In a recent post on the Harvard Law School Forum on Corporate Governance, Jai Massari discusses a new paper that argues fungible cryptoassets are not securities under existing U.S. federal securities laws while initial coin offerings (ICOs) and similar token sales should be regulated as securities. The paper, which is posted as a draft, was prepared by four members of the DLx law firm.

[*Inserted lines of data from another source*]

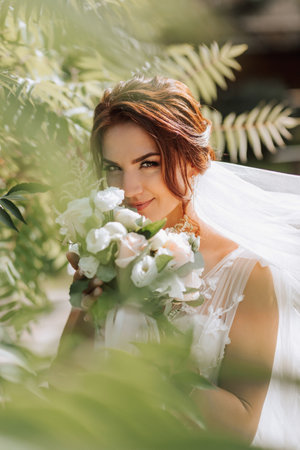 Wedding portrait. The bride in a white dress with a veil in the air, posing near a coniferous tree. The curtain is in the air. Open shoulders of the bride. Photo session in nature.の写真素材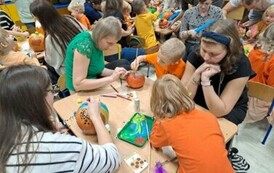 Dzieci wraz z rodzicami wsp&oacute;lnie ozdabiają dynie 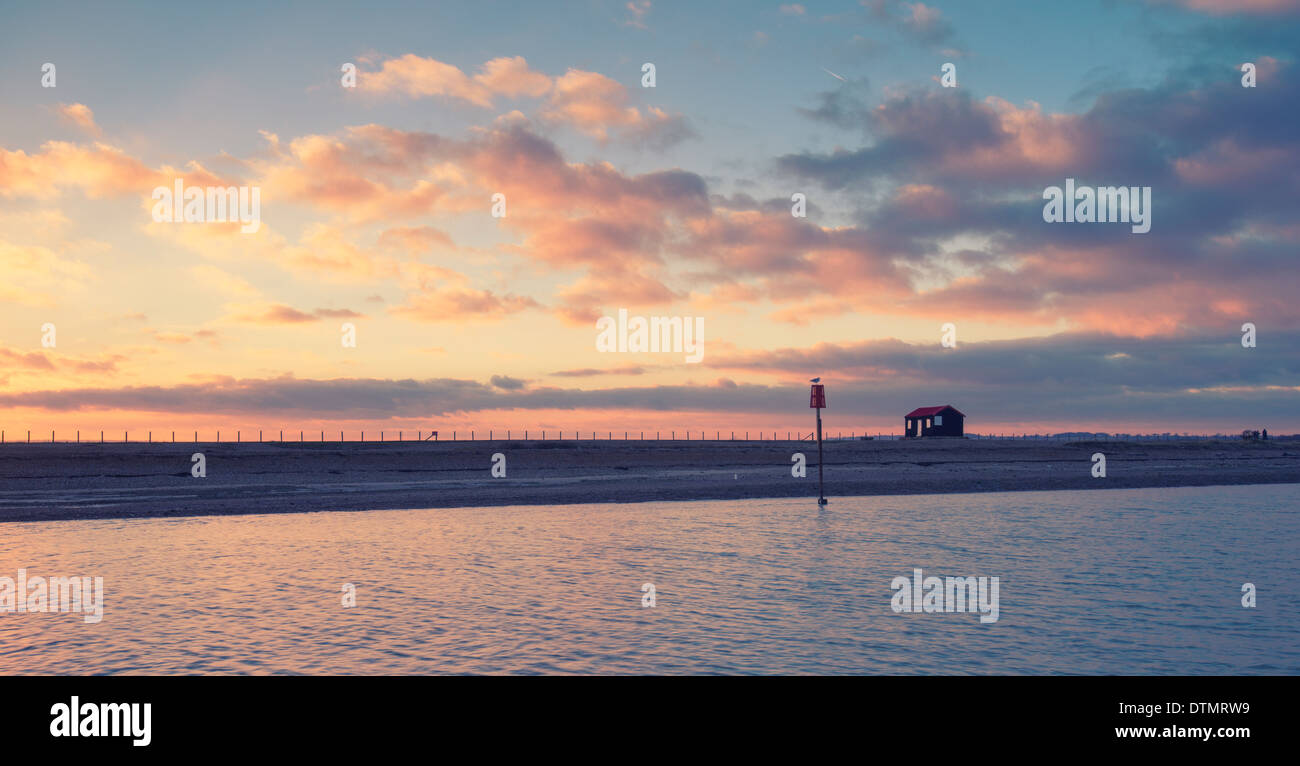 Un beau coucher du soleil à Rye Harbour, à la recherche de Camber Sands. Banque D'Images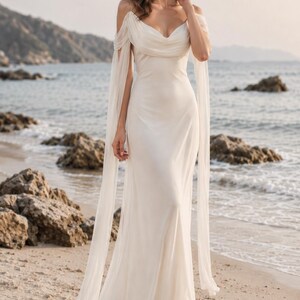 May include: A floor-length off-white gown featuring a draped cowl neckline, thin spaghetti straps, and long, flowing sheer fabric sleeves that extend from the shoulders. The dress has a fitted bodice and a floor-length skirt with a soft, fluid drape.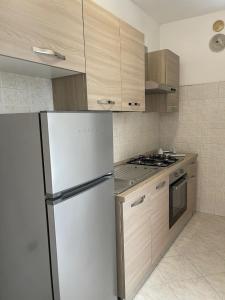 uma cozinha com um frigorífico branco e armários de madeira em Appartamento Ladispoli em Ladispoli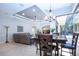 Open floor plan with dining area and large windows offering natural light and outdoor views at 349 Blackbird Ct, Bradenton, FL 34212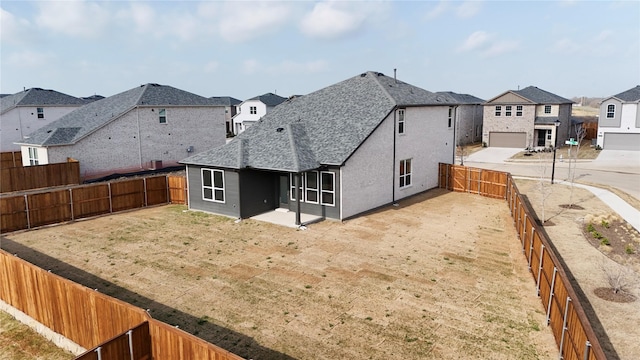 rear view of house with a residential view, a shingled roof, and a fenced backyard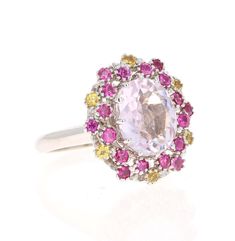 This beautiful ring has a Oval Cut 3.81 carat Kunzite that is set in the center of the ring and is surrounded by 24 Round Cut Pink and Yellow Sapphires that weigh 1.13 carats. The total carat weight of the ring is 4.94 carats. The Kunzite measures at 9 mm x 11 mm. The ring is made in 14K White Gold and weighs approximately 6.6 grams. Complimentary ring sizing is available upon request. Oval White Sapphire Ring, Oval White Sapphire Ring With Center Stone, Oval White Sapphire Ring With Halo Setting, Dazzling Oval Multi-stone Cluster Ring, White Oval Sapphire Gemstone Ring, White Oval Sapphire Ring With Center Stone, Luxury White Sapphire Oval Ring, Pink Round Amethyst Ring Fine Jewelry, Exquisite Pink Sapphire Round Rings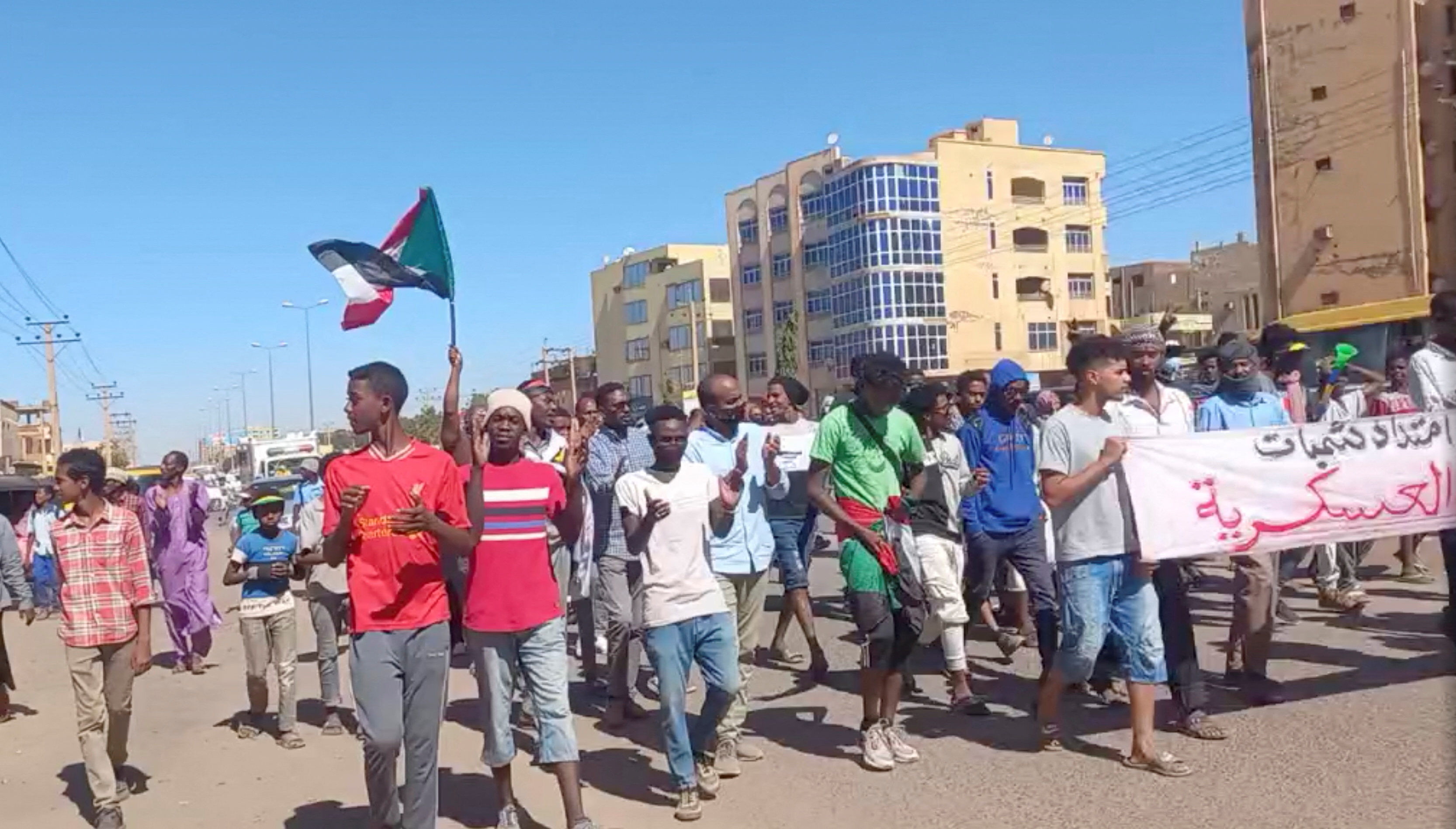 Protesters opposed to military rule march in Khartoum North, Sudan December 30, 2021 in this screengrab obtained from a social media video. Resistance Committees Atbara/Handout via REUTERS 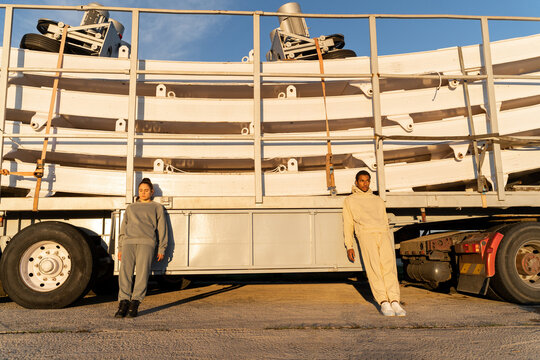 Friends posin in front of parked truck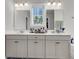 Bright bathroom with double sinks, a neutral cabinet, a mirror, and view to the blue sky at 404 Bowstring Dr, Huger, SC 29450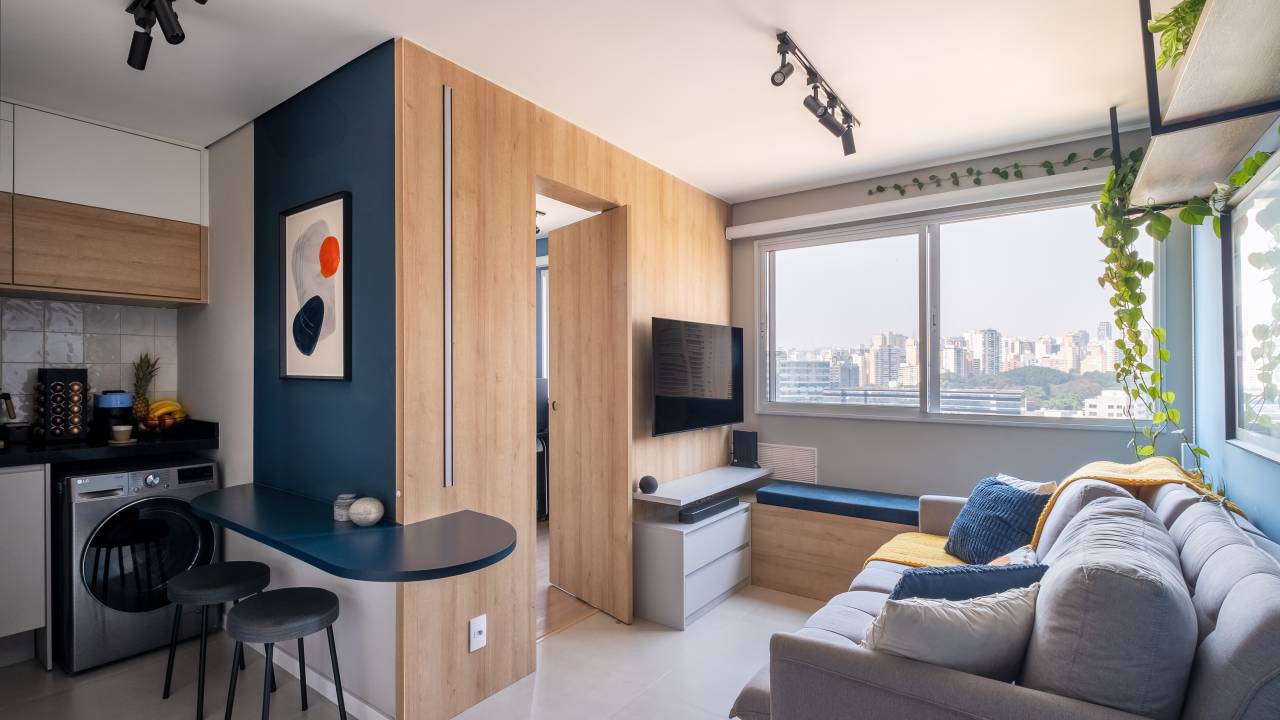 Projeto de iluminação ressalta o azul neste apartamento de 34 m². Projeto Dua Arquitetura e Bya Ribeiro. Na foto, sala integrada, bancada curva.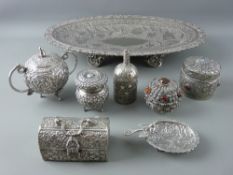 EASTERN UNTESTED WHITE METAL TABLE & ORNAMENTAL WARE (a quantity) to include a 42 cms pierced and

I was amused by the paper’s title – The Ineluctable Modality of Securities Law: Why Fungible Crypto Assets are Not Securities. The phrase “ineluctable modality” is found in the first line of Chapter 3 of James Joyce’s Ulysses:
Ineluctable modality of the visible: at least that if no more, thought through my eyes. Signatures of all things I am here to read, seaspawn and seawrack, the nearing tide, that rusty boot. Snotgreen, bluesilver, rust: coloured signs. Limits of the diaphane. But he adds: in bodies. Then he was aware of them bodies before of them coloured. How? By knocking his sconce against them, sure. Go easy. Bald he was and a millionaire, maestro di color che sanno*. Limit of the diaphane in. Why in? Diaphane, adiaphane. If you can put your five fingers through it it is a gate, if not a door. Shut your eyes and see.
Based on the above, it is understandable why many people give up on Ulysses upon encountering chapter. Chapter 3 is commonly referred to as Proteus, although Joyce did not assign names to his chapters. Proteus was a minor Greek deity who could change his shape. In Book 4 of Homer’s Odyssey, Menelaus relates to Telemachus how he escaped from Egypt while pinning Proteus down. The Odyssey is the substrate for Joyce’s Ulysses (the Latin form of Odysseus). The DLx authors are obviously aware of this connection because they begin their paper with an excerpt from Book 4 of the Odyssey.
The ineluctable modality of the visible describes how the sense of sight involves seeing things nebeneinander (side by side or simultaneously). In Chapter 3, Joyce contrasts this with ineluctable modality of the audible which involves hearing things nacheinander (one after another or successively).
*The master of those who know. The phrase is from Book 4 of Dante’s Inferno and is a reference to Aristotle. Those who know are philosophers.